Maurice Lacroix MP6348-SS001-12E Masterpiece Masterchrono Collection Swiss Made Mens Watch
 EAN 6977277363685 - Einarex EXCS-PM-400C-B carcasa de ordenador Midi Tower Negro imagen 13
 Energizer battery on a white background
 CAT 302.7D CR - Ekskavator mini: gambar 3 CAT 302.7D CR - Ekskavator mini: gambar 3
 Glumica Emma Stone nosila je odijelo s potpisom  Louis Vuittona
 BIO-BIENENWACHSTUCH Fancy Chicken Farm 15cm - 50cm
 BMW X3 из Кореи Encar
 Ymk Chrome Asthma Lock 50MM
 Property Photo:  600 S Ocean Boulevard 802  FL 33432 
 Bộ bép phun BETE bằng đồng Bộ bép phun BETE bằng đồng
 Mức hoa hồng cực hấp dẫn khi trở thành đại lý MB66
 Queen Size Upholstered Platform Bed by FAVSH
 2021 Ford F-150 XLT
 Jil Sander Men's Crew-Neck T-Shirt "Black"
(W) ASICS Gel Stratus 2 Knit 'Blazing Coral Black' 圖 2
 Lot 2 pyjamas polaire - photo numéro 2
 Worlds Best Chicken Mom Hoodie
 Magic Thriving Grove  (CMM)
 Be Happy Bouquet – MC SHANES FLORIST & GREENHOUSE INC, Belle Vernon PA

===

### YOUR INSTRUCTIONS
In restating the data, begin at its first line, reproduce each line word for word, and conclude with the line that contains "600 S Ocean".

### FINISHED EXERCISE
Maurice Lacroix MP6348-SS001-12E Masterpiece Masterchrono Collection Swiss Made Mens Watch
 EAN 6977277363685 - Einarex EXCS-PM-400C-B carcasa de ordenador Midi Tower Negro imagen 13
 Energizer battery on a white background
 CAT 302.7D CR - Ekskavator mini: gambar 3 CAT 302.7D CR - Ekskavator mini: gambar 3
 Glumica Emma Stone nosila je odijelo s potpisom  Louis Vuittona
 BIO-BIENENWACHSTUCH Fancy Chicken Farm 15cm - 50cm
 BMW X3 из Кореи Encar
 Ymk Chrome Asthma Lock 50MM
 Property Photo:  600 S Ocean Boulevard 802  FL 33432 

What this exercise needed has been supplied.